#### [PROBLEM REQUIREMENTS]
Copy exactly the lines starting at the one that contains "Exploring the World" and running through the end of the material below. Exclude any pictures.

#### [INPUT]

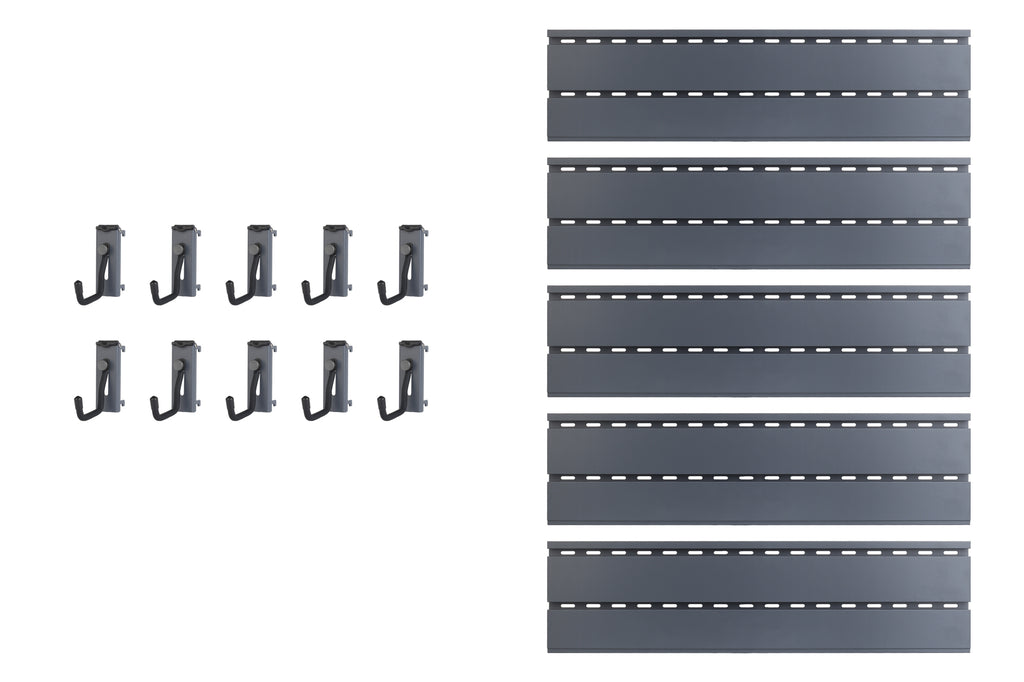 Panel na ścianę Specna Arms TG-26 Szary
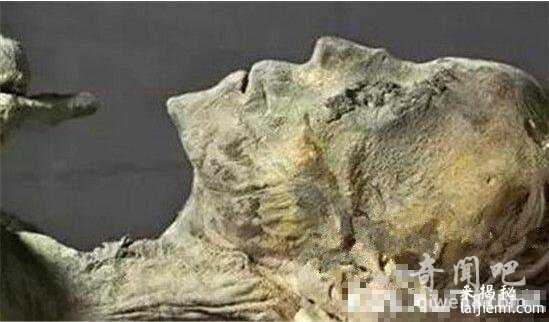 木乃伊体内查出超级细菌 全球一半人都被感染137 / 作者:UFO来啦 / 帖子ID:64260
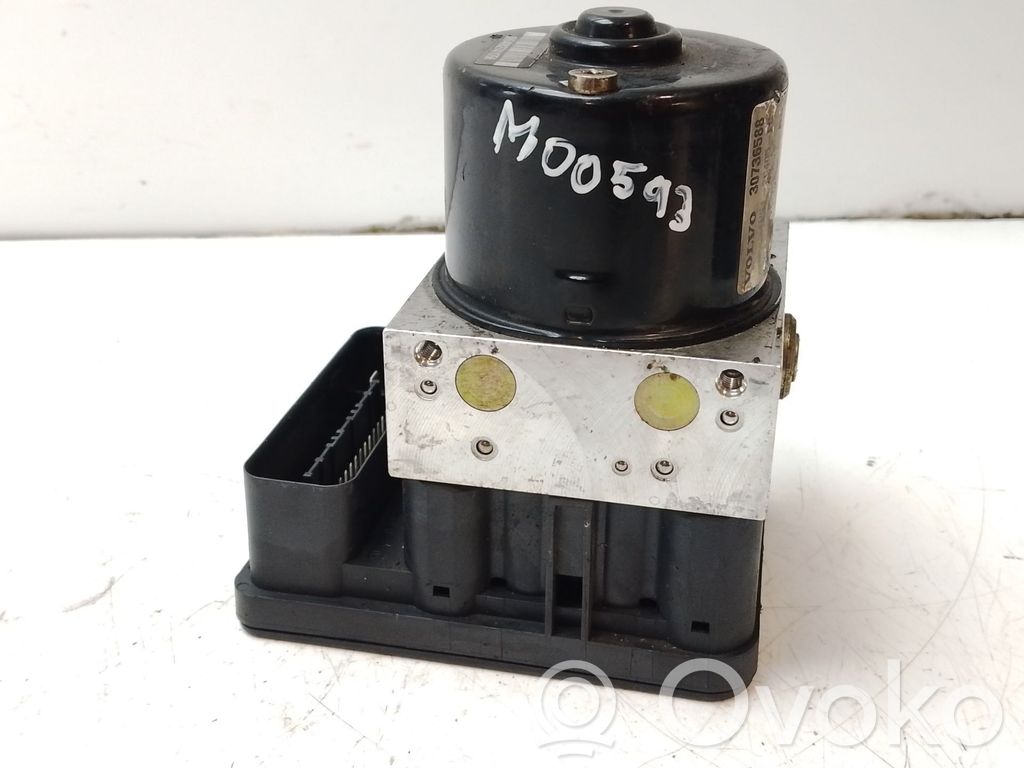Volvo V50 ABS Pump 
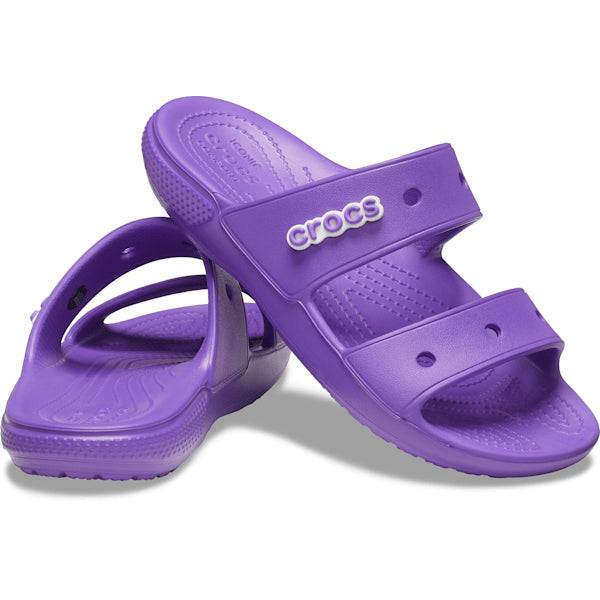 Classic® Sandal Morado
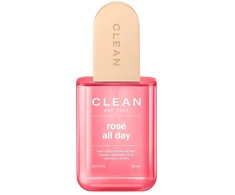 Clean, Rose All Day, Hair Scented Mist, For Women, 88 ml
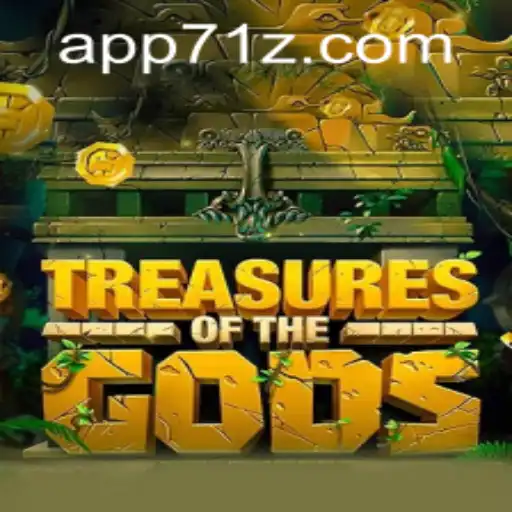 Exploring the World of TreasureoftheGods: Rules, Gameplay, and Introduction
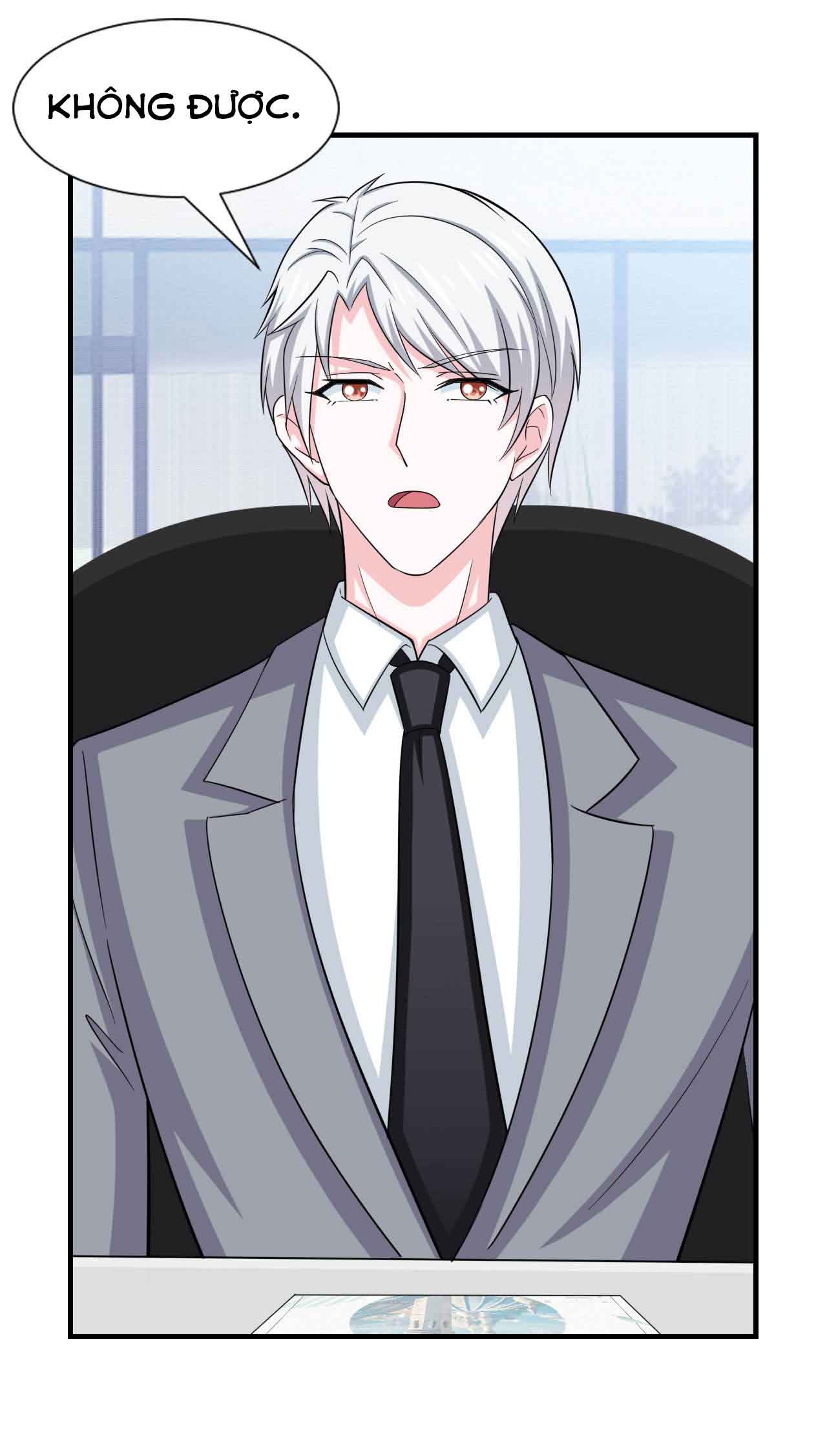 bí mật không thể yêu đương chapter 48 30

#### [PROBLEM SOLUTION]
 Exploring the World of TreasureoftheGods: Rules, Gameplay, and Introduction
 bí mật không thể yêu đương chapter 48 30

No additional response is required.